The attention of a state Medical Association scares the hell out of doctors. State MAs can make life a living hell for those who step out of line. In California, the medical association has decided to leave the decision to the doctor and patient concerning the medical use of marijuana. You can read their position here. On the other hand, not one of the dozen courageous doctors I see will write a "recommendation" for medical marijuana for me or for any of their other patients.

Therefore, yesterday I drove from San Diego to Dana Point to see a doctor who works in an outfit called Medical Marijuana of San Diego. There are similar, related facilities in Hawaii, Los Angeles, Santa Barbara and Dana Point (in Orange County). Now, this is only my opinion, and I may be wrong, but perhaps one look may suggest to you that they are supported by more than just the stream of youngsters with pasty, diseased skin who flood the waiting room with wads of $100 and medical records in their sweaty hands that suggest they have vague neurological disorders. I, insofar as I could tell, was the only truly ill person there.

What they do is accept and document patients, write recommendations for marijuana, and maintain a system whereby dispensaries can verify in real time that a patient has been examined, recommended, and documented. Oh, and you get a legally meaningless ID card that wouldn't impress a DEA agent for one second.

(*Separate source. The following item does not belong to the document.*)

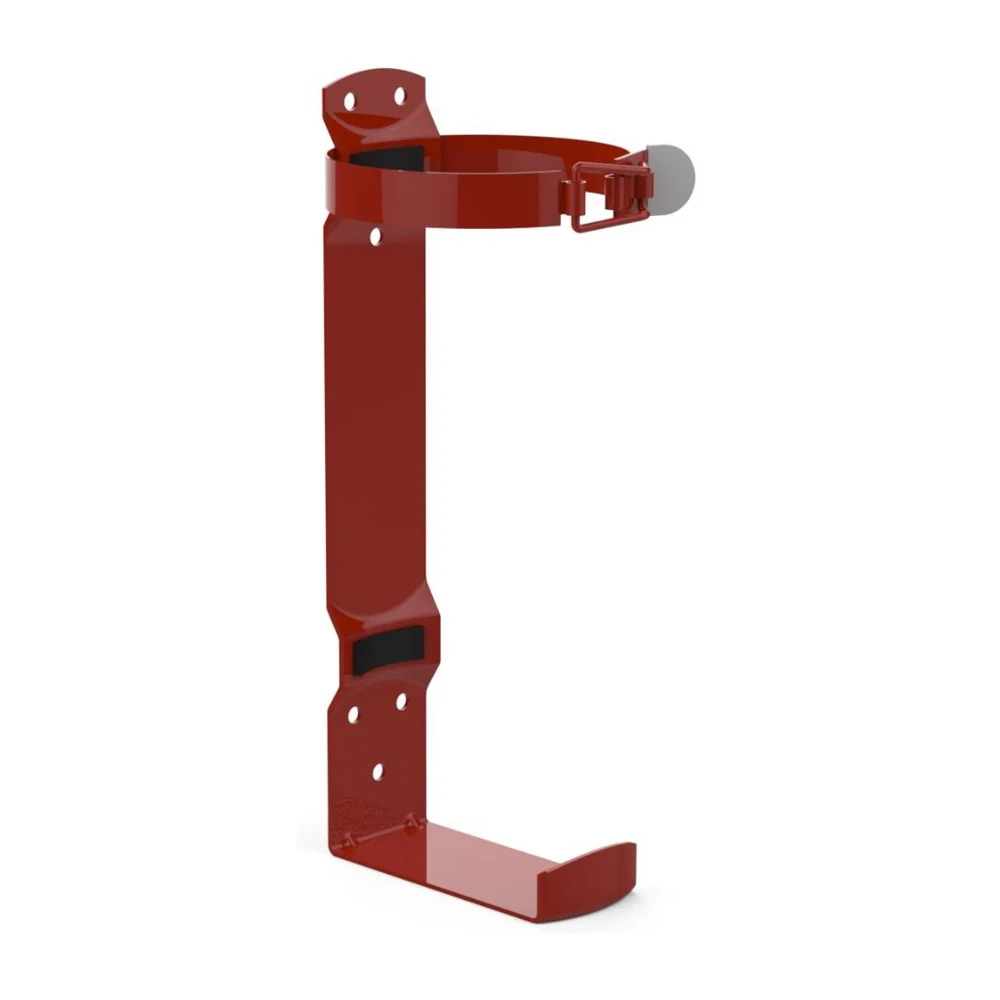 Amerex 04042  Vehicle Bracket - Model 821S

I left with a certificate (the card will come later in the mail), which you can see here, and was met in the parking lot by a thoroughly unrelated twenty-something girl with diseased, pasty skin who gave me a map to a nearby dispensary. The good folks at the clinic are not allowed to recommend dispensaries, or so the flamboyantly gay male nurse told me. The facility makes every effort to abide by a set of rules (the law) that allow them to operate without law-enforcement interference. No one involved is guilty of so much as a parking ticket, and the California Medical Association can't find fault either, much as they would like to.

Afterward I took a long, hot shower to wash off the dirty feeling I get when I think I've had something to do with vice. This despite the gratitude I have that at least someone is making an effort to address the supply-side problem.

There is an alternative, the officially equivalent drug, Marinol, which contains synthesized THC (tetrahydrocannabinol), the so-called "active" ingredient in the natural, organic plant. The Drug Enforcement Agency wants you to use Marinol. Here's a link to their propaganda.

There are many problems with Marinol, not the least of which is that it's a pill you have to swallow. Imagine, if you will, a chemo patient who can't keep food down: how does he keep a pill down? Smoked (or vaporized) marijuana doesn't have that problem.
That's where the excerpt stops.